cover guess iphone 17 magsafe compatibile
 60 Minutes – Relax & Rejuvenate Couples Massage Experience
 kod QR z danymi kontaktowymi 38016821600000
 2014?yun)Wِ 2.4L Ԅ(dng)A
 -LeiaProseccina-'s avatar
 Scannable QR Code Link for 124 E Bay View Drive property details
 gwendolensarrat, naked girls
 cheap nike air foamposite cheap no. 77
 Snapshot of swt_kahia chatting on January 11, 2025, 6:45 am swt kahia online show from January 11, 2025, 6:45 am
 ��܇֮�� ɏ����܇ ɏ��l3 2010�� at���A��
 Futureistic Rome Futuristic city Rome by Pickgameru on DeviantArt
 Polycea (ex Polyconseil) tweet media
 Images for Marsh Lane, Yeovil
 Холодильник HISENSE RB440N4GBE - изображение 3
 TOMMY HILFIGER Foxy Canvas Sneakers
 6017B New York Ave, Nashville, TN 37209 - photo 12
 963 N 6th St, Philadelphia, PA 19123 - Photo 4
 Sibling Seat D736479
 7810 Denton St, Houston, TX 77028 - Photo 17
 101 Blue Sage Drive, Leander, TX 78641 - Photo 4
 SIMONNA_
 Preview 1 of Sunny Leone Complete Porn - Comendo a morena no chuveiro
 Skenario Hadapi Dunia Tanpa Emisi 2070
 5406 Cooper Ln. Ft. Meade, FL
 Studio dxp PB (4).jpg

What the exercise asks:
Nothing should be altered. Set down all the data again.

Solution to this exercise:
cover guess iphone 17 magsafe compatibile
 60 Minutes – Relax & Rejuvenate Couples Massage Experience
 kod QR z danymi kontaktowymi 38016821600000
 2014?yun)Wِ 2.4L Ԅ(dng)A
 -LeiaProseccina-'s avatar
 Scannable QR Code Link for 124 E Bay View Drive property details
 gwendolensarrat, naked girls
 cheap nike air foamposite cheap no. 77
 Snapshot of swt_kahia chatting on January 11, 2025, 6:45 am swt kahia online show from January 11, 2025, 6:45 am
 ��܇֮�� ɏ����܇ ɏ��l3 2010�� at���A��
 Futureistic Rome Futuristic city Rome by Pickgameru on DeviantArt
 Polycea (ex Polyconseil) tweet media
 Images for Marsh Lane, Yeovil
 Холодильник HISENSE RB440N4GBE - изображение 3
 TOMMY HILFIGER Foxy Canvas Sneakers
 6017B New York Ave, Nashville, TN 37209 - photo 12
 963 N 6th St, Philadelphia, PA 19123 - Photo 4
 Sibling Seat D736479
 7810 Denton St, Houston, TX 77028 - Photo 17
 101 Blue Sage Drive, Leander, TX 78641 - Photo 4
 SIMONNA_
 Preview 1 of Sunny Leone Complete Porn - Comendo a morena no chuveiro
 Skenario Hadapi Dunia Tanpa Emisi 2070
 5406 Cooper Ln. Ft. Meade, FL
 Studio dxp PB (4).jpg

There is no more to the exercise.